In seguito, quando una notizia di arte contemporanea, in special modo l’articolo di una mostra, compare su di un quotidiano nazionale è molto spesso il frutto di uno scambio di favori. Comunque sia, se la stampa si manifesta poco attenta, l’arte e la cultura rappresentano sempre un grande trend per la televisione che negli ultimi tempi ha messo in forno una copiosa varietà di programmi culturali. Durante il primo dopoguerra il palinsesto televisivo era composto perlopiù da programmi educativi o comunque culturali di buona fattura, magari un poco accademici, ma senz’altro ben fatti. Con il passare del tempo l’offerta è scemata, per poi rinascere in questi ultimi anni. Oggi però i programmi dedicati ad arte e cultura hanno subito un sostanziale impoverimento dei contenuti ed anche qui si confonde l’arte moderna con quella contemporanea, si eseguono servizi dedicati a mostre di amici, si infarcisce il tutto con teorie critiche inverosimili. Peggio ancora, questi programmi per attirare un maggior numero di spettatori propongono una varietà di rubriche come moda, gastronomia, motori e costume.

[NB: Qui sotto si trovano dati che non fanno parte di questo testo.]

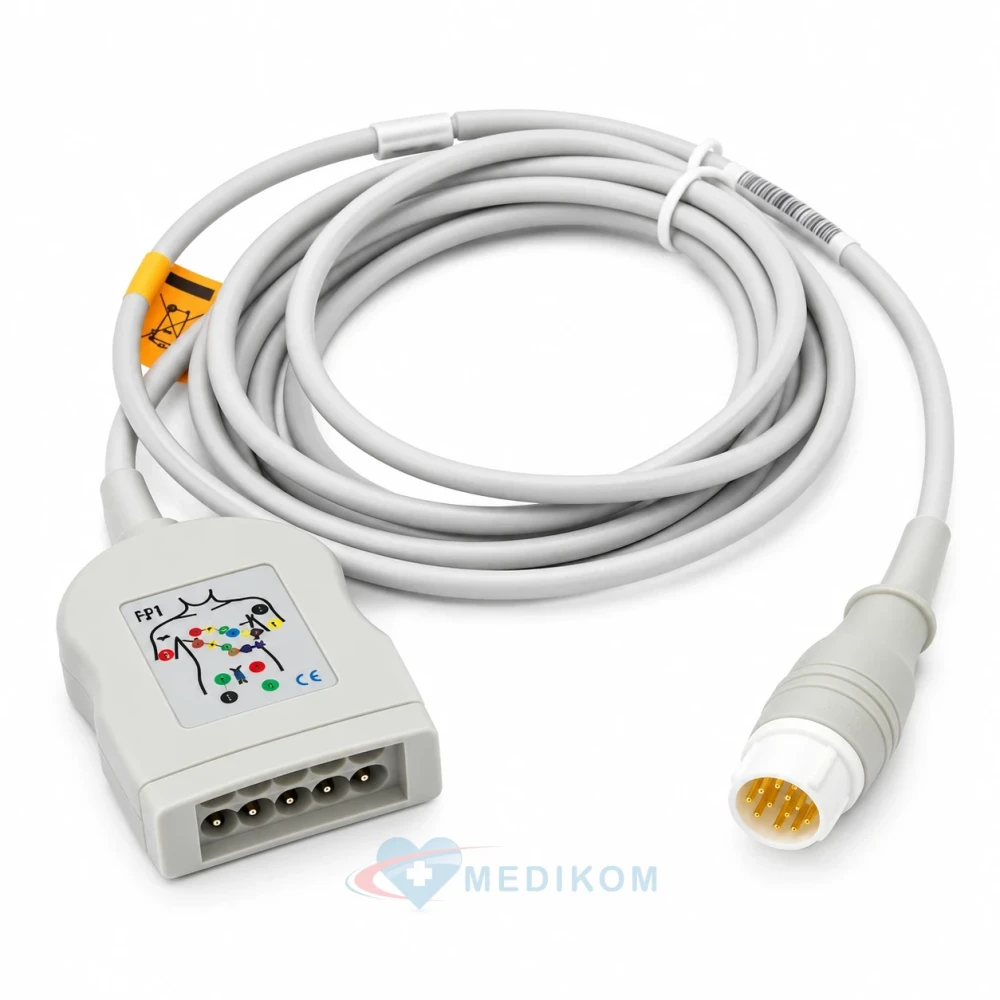 Kabel główny EKG Philips na 3 odprowadzenia HP. Kompatybilny z kardiomonitorami Philips, HP, Nihon Kohden i Welch Allyn.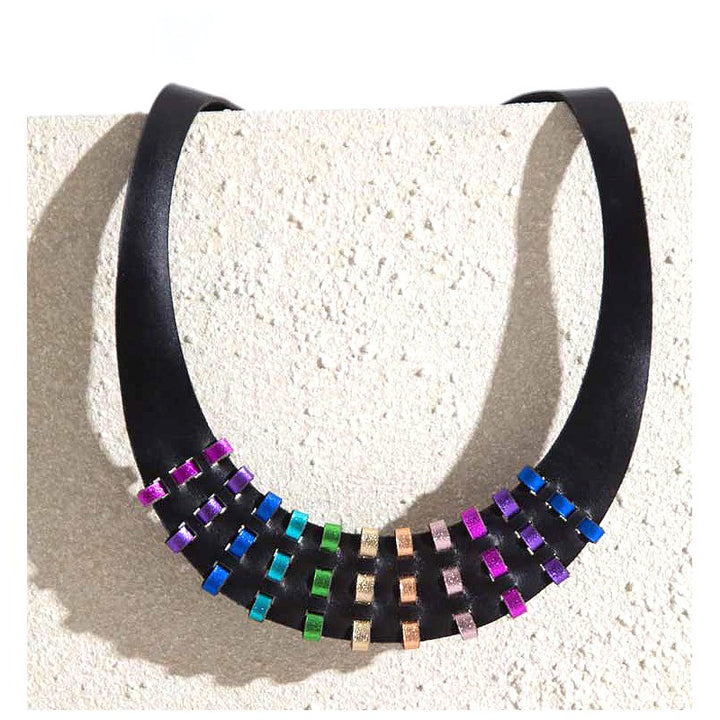 Leather Threads Necklace Multicolor
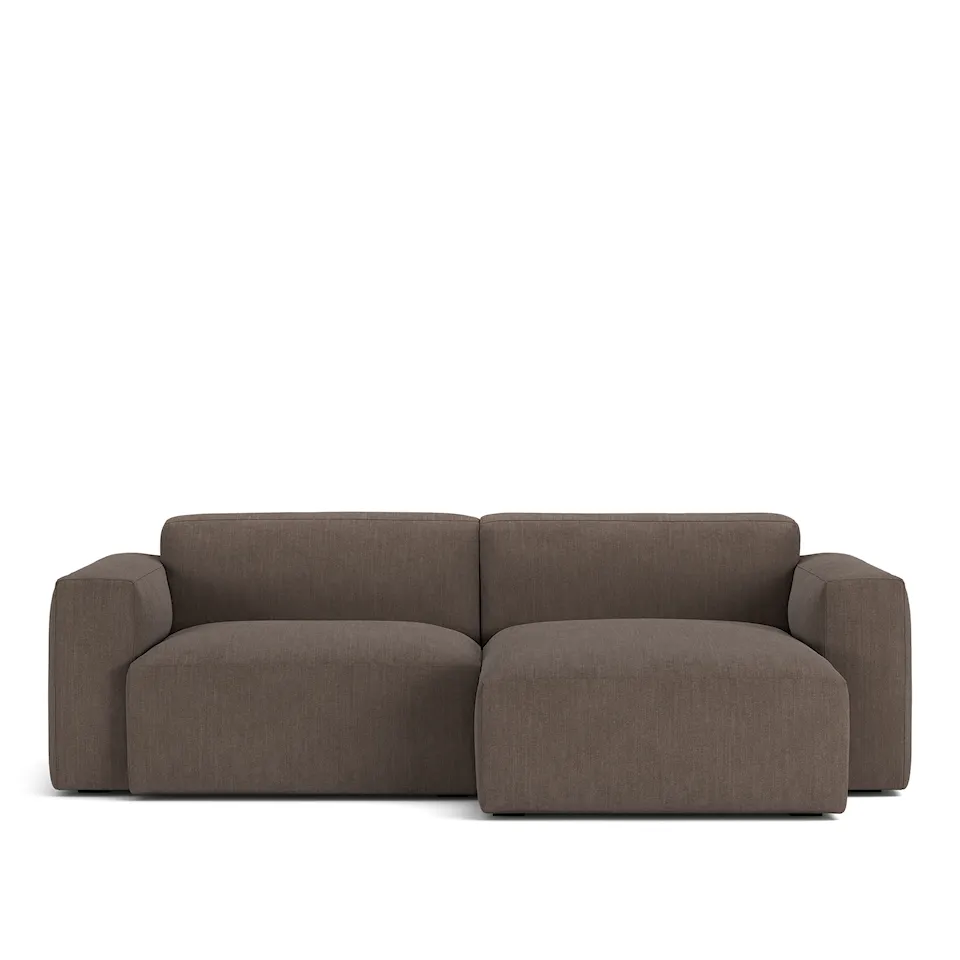 Brick 2-Seater Chaise Lounge Right Shadow Dark Brown Fixed Upholstery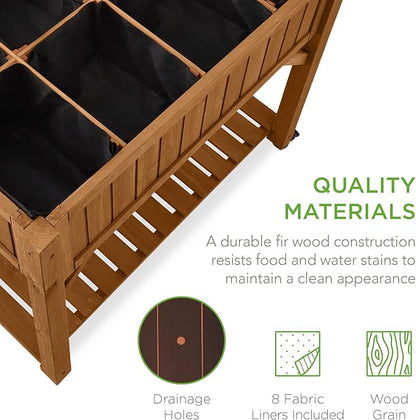 Best Choice Products Elevated 8 Pocket Herb Garden Bed, Mobile Raised Customizable Wood Planter for Herbs, Vegetables, Flowers w/Lockable Wheels, Storage Shelf, Drainage Holes - Acorn Brown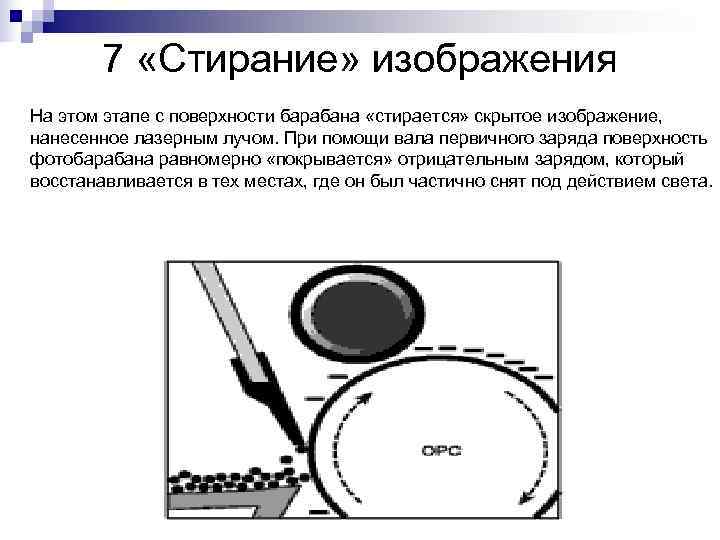   7 «Стирание» изображения На этом этапе с поверхности барабана «стирается» скрытое изображение,
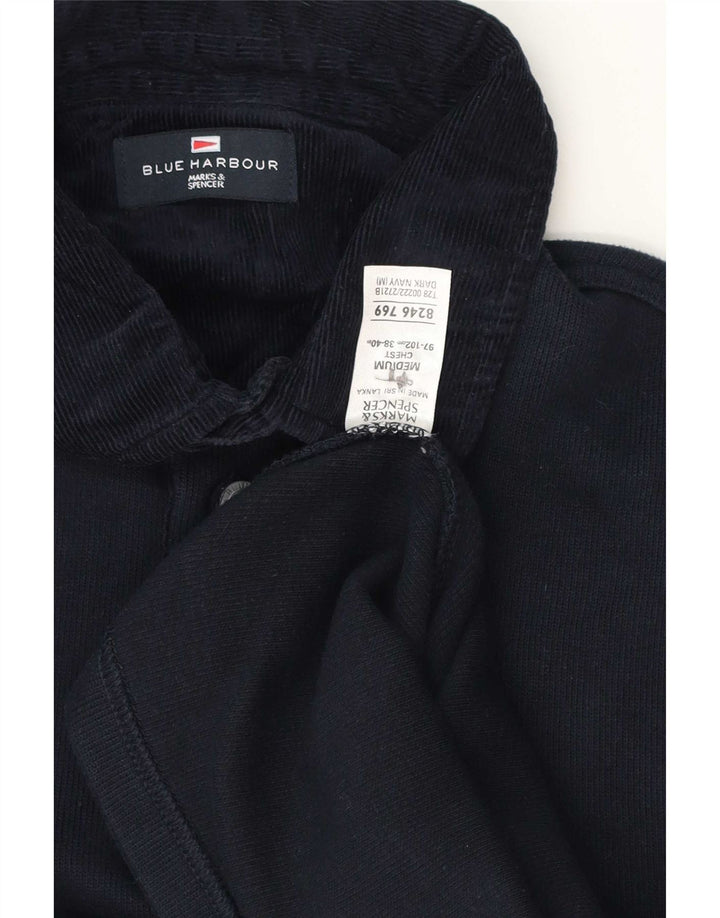 Marks & Spencer Herren Blue Harbour Langarm-Poloshirt aus mittelblauer Baumwolle
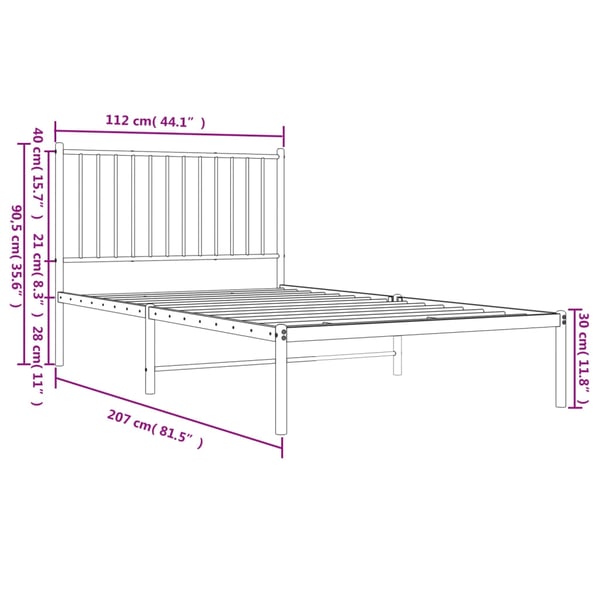 vidaXL Sengeramme i metall med hodegavl hvit 107x203 cm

Quindi il “quadro” della situazione è il seguente: si inizia con una bella mostra del nostro caro amico Staccolanana ed i suoi dipinti materici, si prosegue vantando le proprietà taumaturgiche del pecorino Dop, poi via su una bella spider alla ricerca del borgo più bello d’Italia, poi d’improvviso la brusca sterzata sul Bernini. Ecco quindi che il nostro programma televisivo, che solitamente prende il nome di Cultart o ArtcultTv et similia, porta dentro le case degli italiani tonnellate di demagogia da rivendere un tanto al chilo. Ne consegue che invece di rappresentare uno strumento didattico, questi programmi vi faranno credere che Bernini era un costruttore di auto sportive che amava mangiare il pecorino.